Qui dit pompe à faire « tourner » dit apport indispensable en électricité ; ce qui implique parfois de conséquents et longs travaux, en fonction des diverses réalités des lieux (topographie, géologie, réseau routier ou pas). Et une fois tous les éléments (de débit, profondeur, etc.) recueillis, le « fermier » (en l’occurrence l’opérateur ODYSSI) installe notamment certains équipements, telle une « pompe à colonne », dans le forage (« nous l’installons à peu près à 20 mètres de profondeur pour avoir le maximum de débit que peut fournir la nappe phréatique », expliqua l’un des spécialistes). Dans les grandes lignes, il s’agit là de « récupérer » l’eau prise en profondeur puis de la faire remonter en surface. L’eau est ensuite pompée durant de nombreuses heures, puis des prélèvements sont faits sur place par l’« Agence Régionale de Santé » (ARS) qui les analysera, en périodes sèche et pluvieuse (« afin d’être sûr que la qualité se maintient »). A ce moment-là – et si tout est correct – un dossier d’autorisation est alors déposé en Préfecture, afin d’exploiter le forage.
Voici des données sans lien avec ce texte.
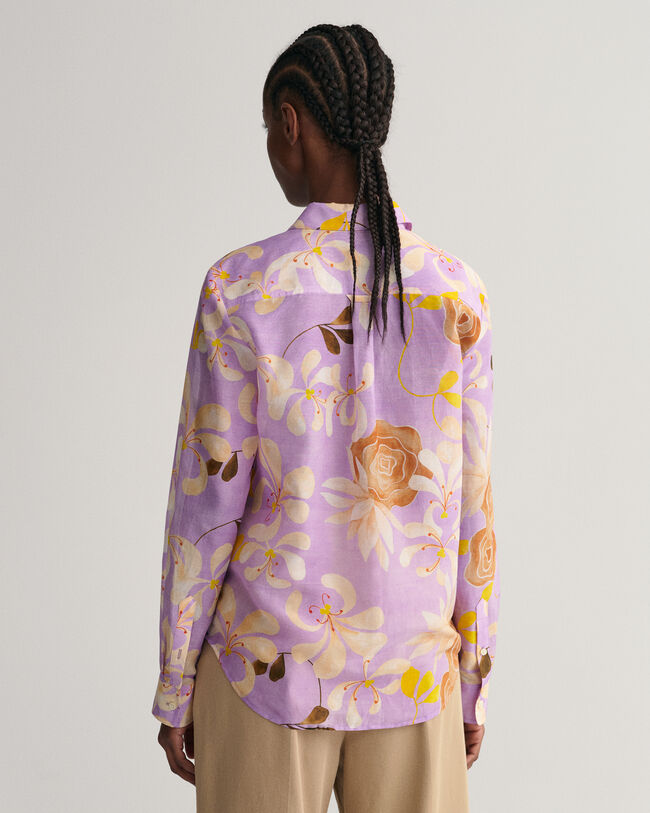 Regular fit ‑mitoitettu printtikuvioitu Floral‑paita puuvilla-silkkisekoitetta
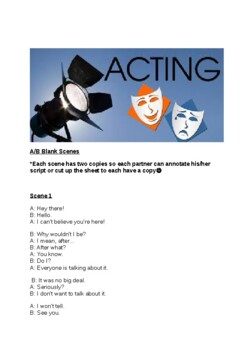 Preview of A/B Blank Scenes for Acting in Drama/Theatre class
Pour conclure sur une note prospective, les « métiers de l’eau » aurait un avenir en forme de futures opportunités, notamment sous nos cieux : selon une estimation en effet, 13.000 postes seraient (encore) à pourvoir au niveau « national », entre 2023 et 2025.

Mike Irasque

*BRGM : Bureau de Recherches Géologiques et Minières.